• Exercise instructions
Output the lines from the one containing "1976-1978 Corvette Mounted" through the last line of the material below, exactly; please do not include pictures.

START Source data

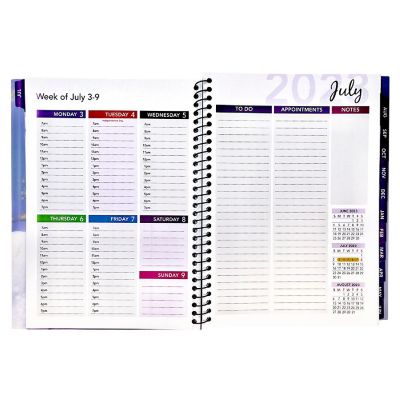 RE-FOCUS THE CREATIVE OFFICE,  Purple Academic Calendar, Monthly and Weekly Views with Time Slots, To-Do List Image 2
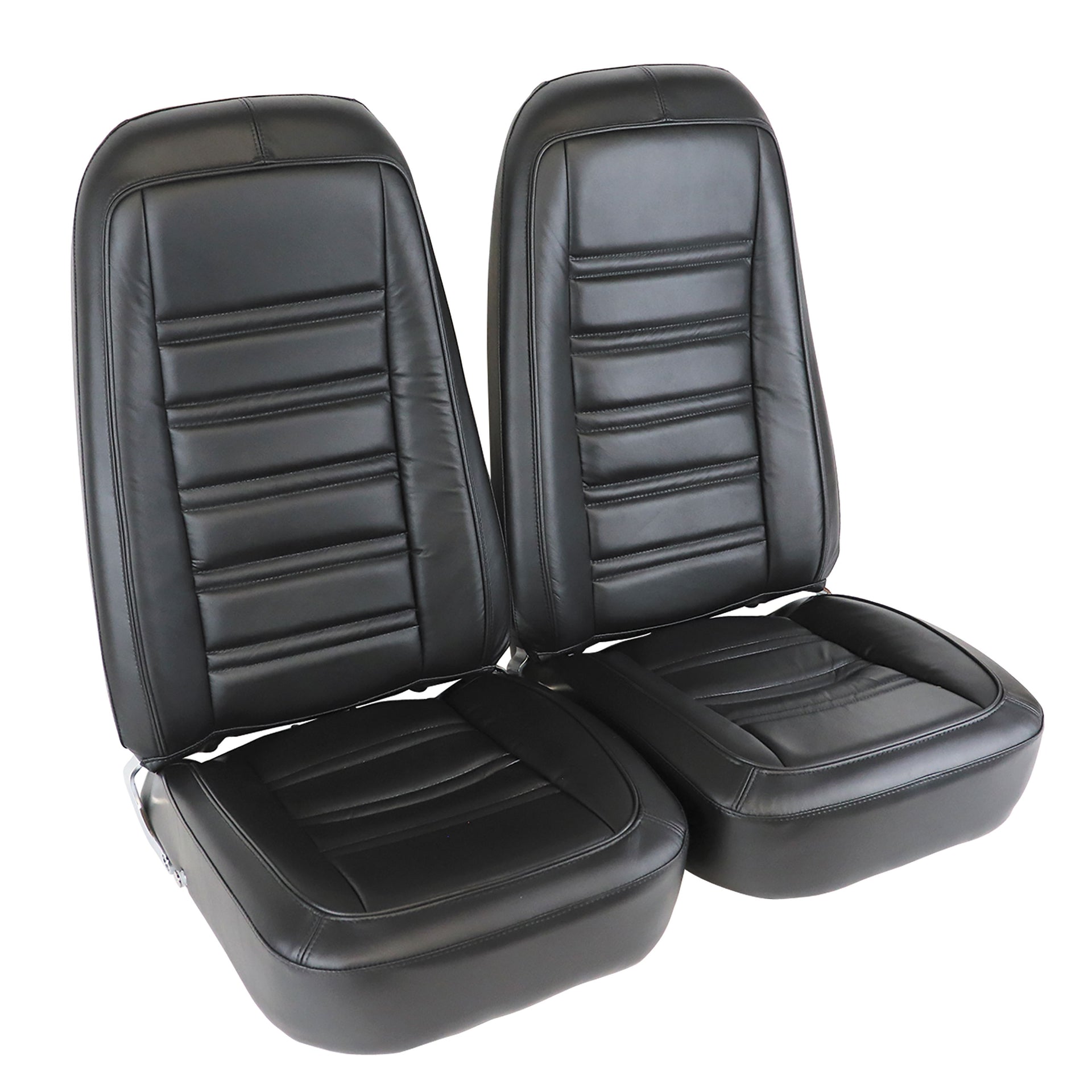 1976-1978 Corvette Mounted Seats Black Leather Vinyl-419720M-Corvette-Store-Online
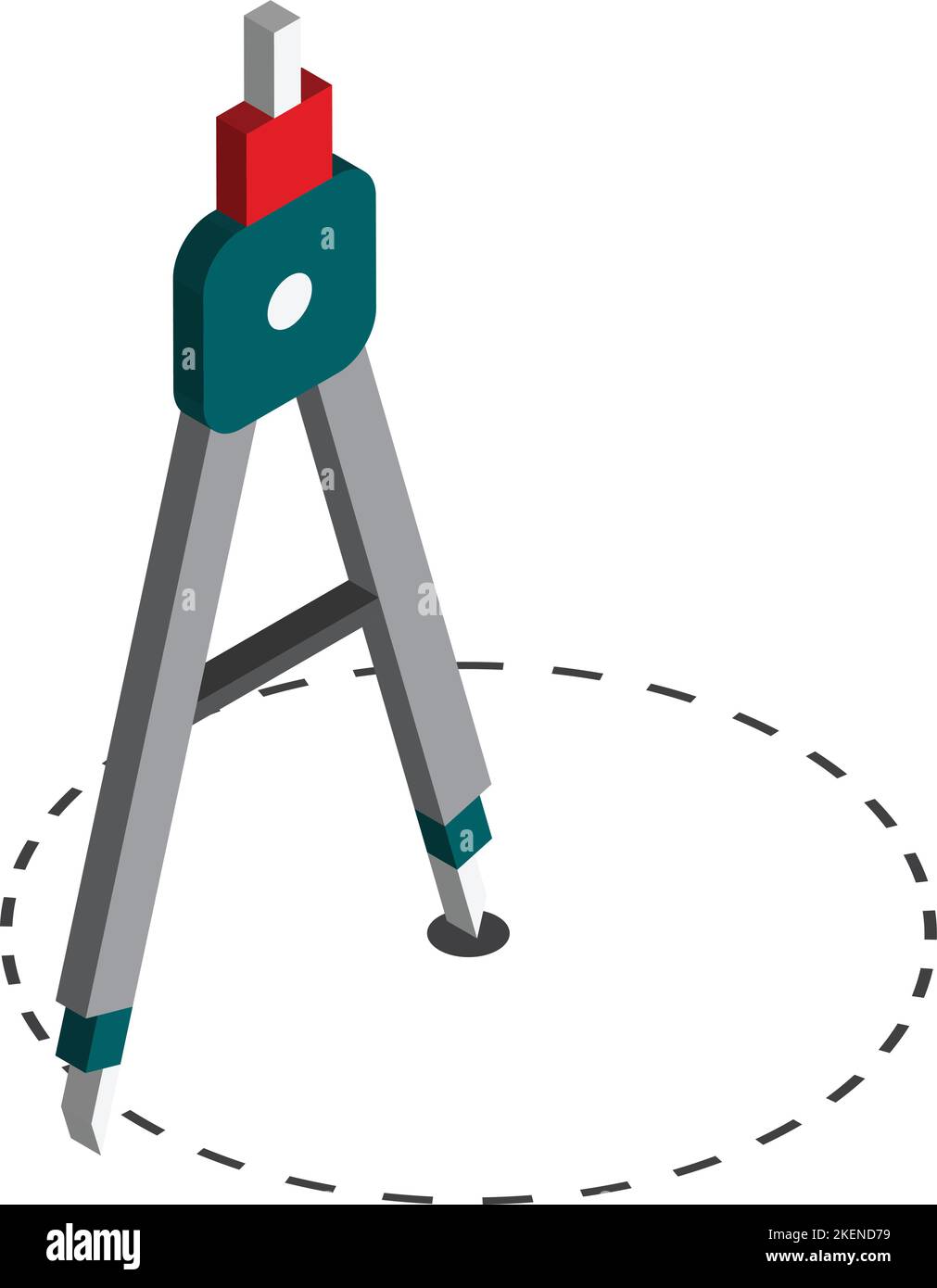 Drafting compass illustration in 3D isometric style isolated on
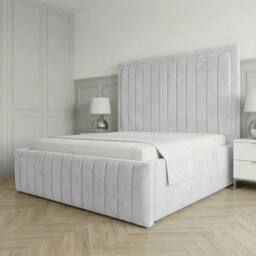 Living Comfort Bedz Sovereign Plush Velvet Upholstered Bed Slatted Base - 48Inch Headboard in White - Size: Double - thumbnail 1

END Source data

• Response area
 1976-1978 Corvette Mounted Seats Black Leather Vinyl-419720M-Corvette-Store-Online
 Drafting compass illustration in 3D isometric style isolated on
 Living Comfort Bedz Sovereign Plush Velvet Upholstered Bed Slatted Base - 48Inch Headboard in White - Size: Double - thumbnail 1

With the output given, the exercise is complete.